An Bord Pleanála has refused permission for the development of 332 apartments in Knocknacarra, overruling their inspector’s recommendation that it be approved.
Glenveagh Living made a Strategic Housing Development application to An Bord Pleanála for the construction of the apartments and a significant commercial element at Gort na Bró in Knocknacarra
The developer planned to construct 93 one-bed apartments, 219 two-bed apartments, and 20 three-bed apartments along with a creche on the six acre greenfield site next to Gateway Retail Park
The proposal also included 2,667sqm of floor space for commercial usage, which would have been divided among 11 units.
An Urban Design Report said that this development was meant to “transform” a vacant area in the heart of Knocknacarra, including a large public square next to the where the retail units would be placed.
This proposal made up Phase 3 of the Knocknacarra District Centre project, phases 1 & 2 of which were related to Gateway Retail Park.
A total of 27 submissions were received by An Bord Pleanála related to this project, the bulk from local residents, and some of which were made on behalf of multiple people.
These objections said that the density of the proposal was out of sync with the suburban character of Knocknacarra, the impact it would have on nearby residential amenity, and traffic and transport concerns.

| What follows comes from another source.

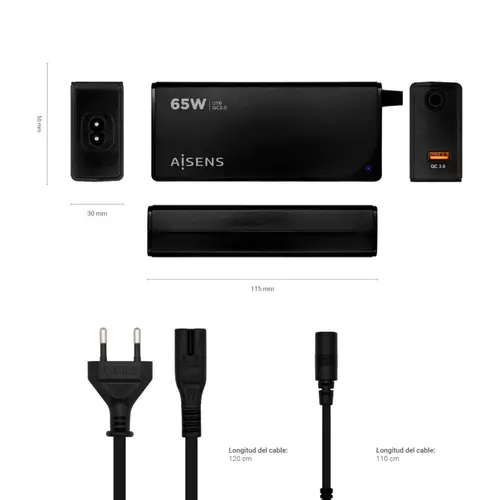 Cargador 65 W Automatico Universal Multitension Para Portatil Con 9 Conectores + USB-A QC.3.0 - Imagen 5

The elected members of Galway City Council also expressed their concerns about the proposal, focusing on its density, scale, inadequate parking and childcare facilities, as well as a lack of communal open spaces and public transport options.
A motion brought to the council declaring “That the members of Galway City Council determines that the location of the Knocknacarra District Centre is not a central and/or accessible urban location,” was passed by 14 votes in favour to 0 against.
Despite this, the planning inspector assigned to this development recommended that it be allowed to proceed with a total of 22 conditions attached.
An Bord Pleanála ultimately went against their Inspector’s recommendation and refused planning permission for the project.
In refusing permission the board said that the ratio of dual aspect apartments in the proposed development is “substantially below” the minimum 50% requirement under guidelines issued in March 2018.
It was also said that the proposed creche is “deficient in the provision of childcare places and is not in accordance with the guidelines for such facilities”.
Addressing these two main deficiencies would require significant changes to the current plans, their decision said, and could not be dealt with simply by attaching a condition to the planning permission.